Health is a complicated concept, and understanding it requires an exploration of both personal and societal factors. Personal health is defined as the state of a person’s well-being, which includes physical, mental, and social well-being. It is influenced by both lifestyle and genetics. People with poorer health are more likely to have a family history of a disease, but this is not the only factor. Environmental factors such as quality of food, water and air, and the amount of social interaction can also have an impact on health.
For centuries, physicians have struggled to understand what makes a person healthy. A few decades ago, the World Health Organization (WHO) defined health as a “state of complete physical, mental and social well-being and not merely the absence of disease or infirmity.” This definition shifted the focus from the treatment of symptoms to the promotion of functioning.
There is no single definition of health, and this pluralism reflects the variety of contexts in which the concept makes sense. The home context of a concept refers to the environment in which it is elaborated, and it influences the way in which it is conceptualized (1). The plurality of definitions suggests that a concept makes more sense inside its home context than outside it (2).
During the early years of medicine, the Greek philosophers Democritus and Hippocrates both explored the notion of health, questioning why people prayed to god for good health when it was essentially under their own control. Hippocrates emphasized diet and exercise, and he was the first to describe how different conditions might occur during the winter (respiratory disorders) and summer (digestive problems).

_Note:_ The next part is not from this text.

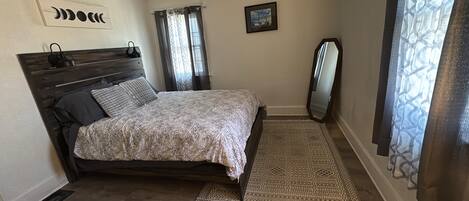 2 室のベッドルーム、アイロン / アイロン台、WiFi (無料)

Modern science has expanded the knowledge of what affects health. We now know that the human genome plays an important role in a person’s health, and genetic differences between individuals can contribute to the development of diseases such as asthma, heart disease, and cancer. Scientists are now able to test for the presence of genes that might increase the risk of disease in an individual and identify the best preventive measures to take.
But even the most advanced medical technology cannot overcome some underlying problems that will affect the health of every individual. For example, the quality of sleep is critical for optimum health, but many adults are unable to get enough sleep to meet their needs. This can lead to depression, anxiety and an inability to concentrate or remember things.
It is up to each of us to decide how we want to be healthy. A good place to start is by examining our current habits, and identifying the areas where we can improve. Whether it is moving your body regularly, eating a balanced diet, drinking less alcohol and not smoking, prioritising restful sleep, or managing stress, every step you take towards better health is a victory. Keep up the good work!